DATASET EXTRACT →
▬▬▬
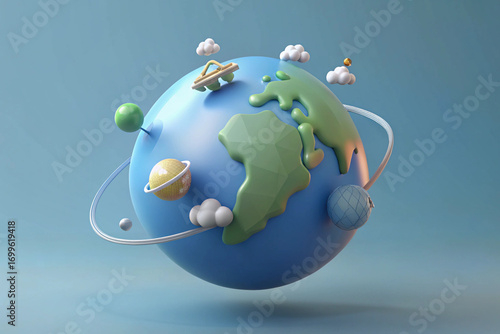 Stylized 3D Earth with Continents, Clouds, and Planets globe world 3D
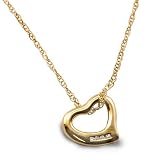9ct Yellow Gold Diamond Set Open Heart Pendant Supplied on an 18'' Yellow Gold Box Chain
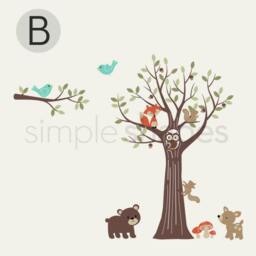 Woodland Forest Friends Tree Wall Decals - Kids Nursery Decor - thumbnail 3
▬▬▬
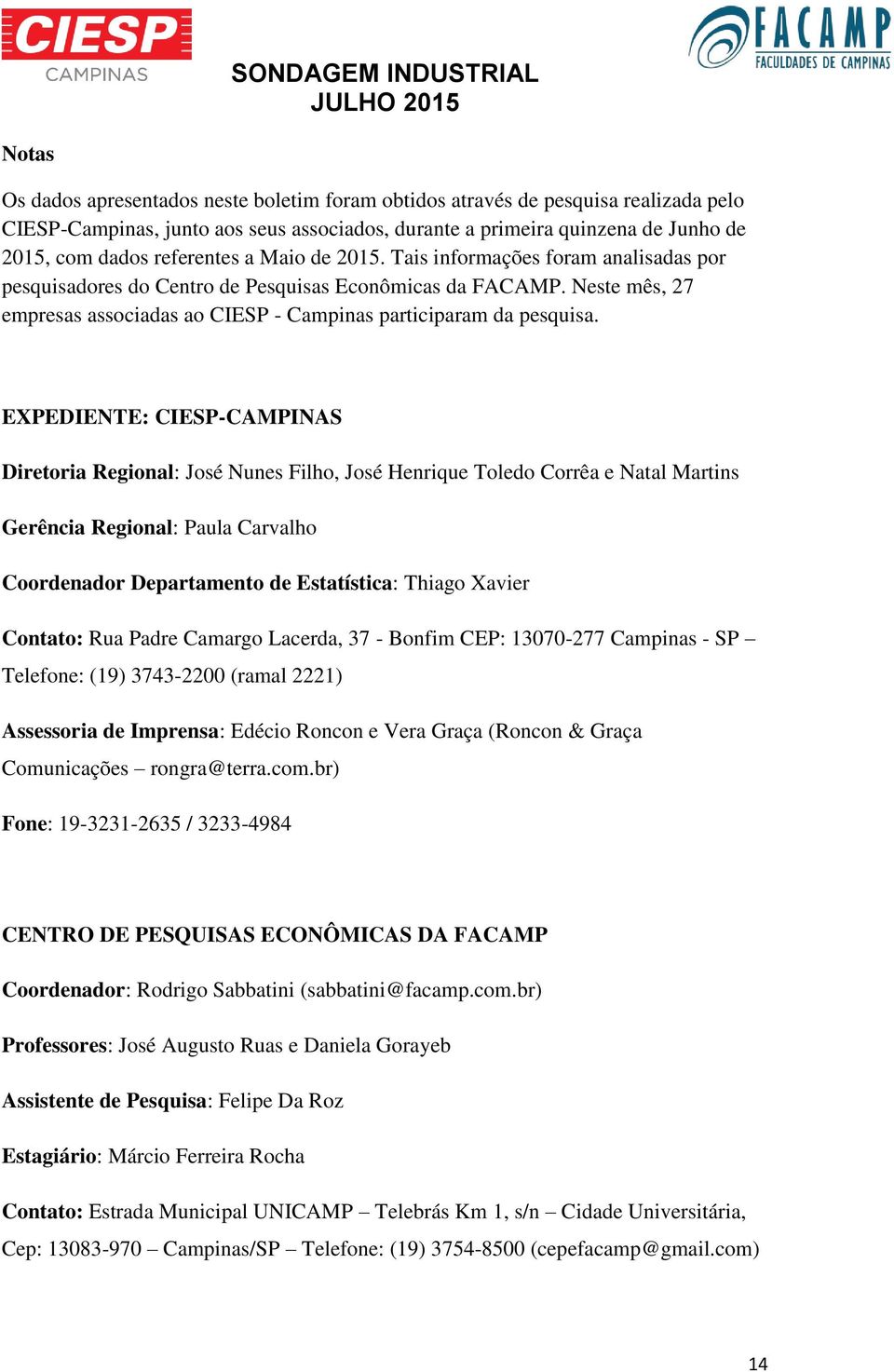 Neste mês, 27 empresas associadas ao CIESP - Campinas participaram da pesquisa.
▬▬▬
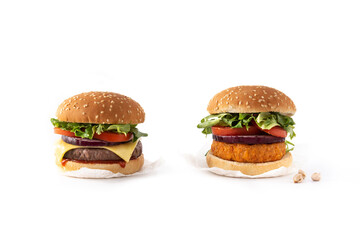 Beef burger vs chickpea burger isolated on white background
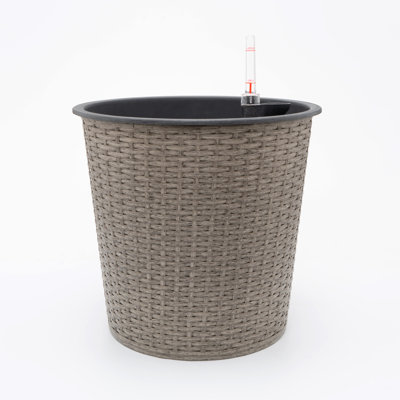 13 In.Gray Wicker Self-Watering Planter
▬▬▬
EXERCISE DESCRIPTION →
What belongs in the answer is each line above from the line with "9ct Yellow Gold" to the line with "Woodland Forest Friends", inclusive, reproduced exactly and free of pictures.

ANSWER TO THIS PROBLEM →
9ct Yellow Gold Diamond Set Open Heart Pendant Supplied on an 18'' Yellow Gold Box Chain
 Woodland Forest Friends Tree Wall Decals - Kids Nursery Decor - thumbnail 3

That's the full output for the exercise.